## WHAT THE EXERCISE ASKS
Copy word for word the line containing "used 2016 Jeep" together with all lines following it to the end of the listing below, without the pictures.

*** GIVEN INFORMATION ***

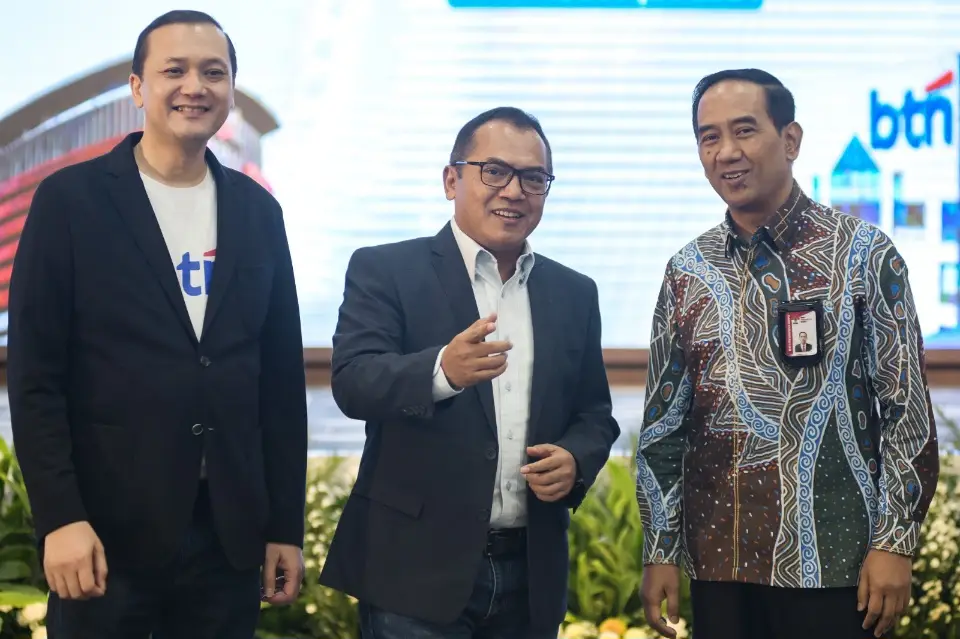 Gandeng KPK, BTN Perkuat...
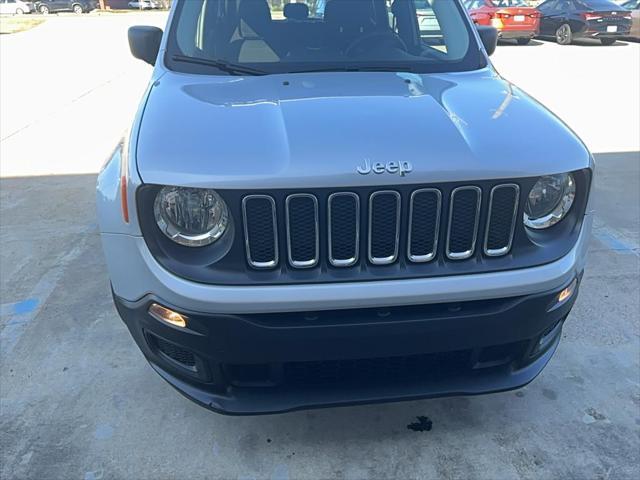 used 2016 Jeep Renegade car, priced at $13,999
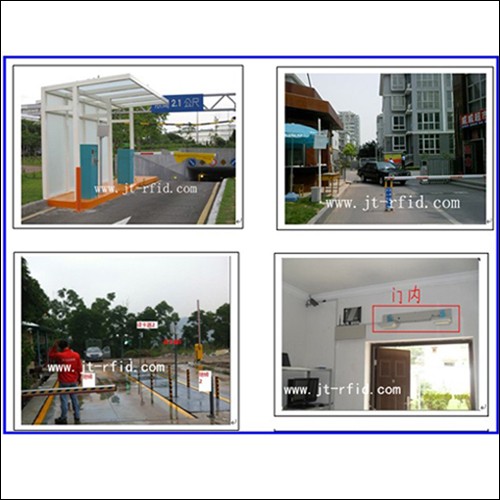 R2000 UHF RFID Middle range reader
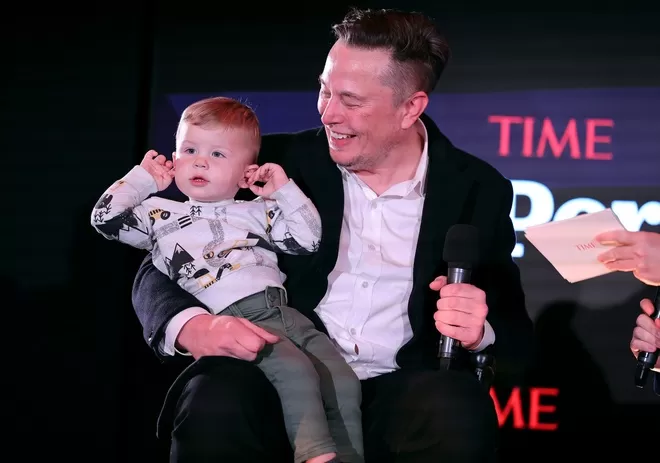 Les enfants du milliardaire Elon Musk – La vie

***

## TASK ANSWER
 used 2016 Jeep Renegade car, priced at $13,999
 R2000 UHF RFID Middle range reader
 Les enfants du milliardaire Elon Musk – La vie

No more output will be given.